[Short descriptive text snippets]
========

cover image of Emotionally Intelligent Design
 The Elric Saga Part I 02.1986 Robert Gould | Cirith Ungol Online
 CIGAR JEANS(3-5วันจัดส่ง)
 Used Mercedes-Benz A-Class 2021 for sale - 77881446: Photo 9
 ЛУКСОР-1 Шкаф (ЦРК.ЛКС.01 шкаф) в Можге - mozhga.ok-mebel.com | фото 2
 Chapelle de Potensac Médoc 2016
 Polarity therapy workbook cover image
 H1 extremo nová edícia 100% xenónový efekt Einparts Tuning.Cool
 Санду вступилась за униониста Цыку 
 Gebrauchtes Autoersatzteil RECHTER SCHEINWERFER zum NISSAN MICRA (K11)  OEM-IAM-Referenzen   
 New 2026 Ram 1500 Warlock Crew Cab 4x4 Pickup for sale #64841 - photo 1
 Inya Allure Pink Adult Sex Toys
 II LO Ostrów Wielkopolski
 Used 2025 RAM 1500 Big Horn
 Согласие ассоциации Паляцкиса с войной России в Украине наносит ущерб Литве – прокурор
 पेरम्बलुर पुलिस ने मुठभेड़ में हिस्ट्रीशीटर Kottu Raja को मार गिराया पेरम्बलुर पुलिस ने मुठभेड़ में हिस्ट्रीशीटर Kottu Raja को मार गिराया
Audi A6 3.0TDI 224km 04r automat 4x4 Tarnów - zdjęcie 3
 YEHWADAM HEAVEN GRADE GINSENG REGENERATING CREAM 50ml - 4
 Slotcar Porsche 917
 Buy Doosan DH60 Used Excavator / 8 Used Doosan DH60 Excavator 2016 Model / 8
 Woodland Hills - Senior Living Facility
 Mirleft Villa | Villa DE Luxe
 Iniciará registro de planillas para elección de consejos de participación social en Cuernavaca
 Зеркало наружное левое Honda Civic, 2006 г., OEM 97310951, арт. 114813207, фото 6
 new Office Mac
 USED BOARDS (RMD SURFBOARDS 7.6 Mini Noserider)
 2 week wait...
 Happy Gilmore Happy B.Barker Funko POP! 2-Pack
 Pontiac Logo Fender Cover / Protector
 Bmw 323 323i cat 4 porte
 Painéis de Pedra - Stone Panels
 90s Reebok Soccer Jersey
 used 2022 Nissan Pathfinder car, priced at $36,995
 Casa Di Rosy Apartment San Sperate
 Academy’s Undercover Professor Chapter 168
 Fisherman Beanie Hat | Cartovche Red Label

========

Write out each line above containing "фото".

ANSWER SPACE:
 ЛУКСОР-1 Шкаф (ЦРК.ЛКС.01 шкаф) в Можге - mozhga.ok-mebel.com | фото 2
 Зеркало наружное левое Honda Civic, 2006 г., OEM 97310951, арт. 114813207, фото 6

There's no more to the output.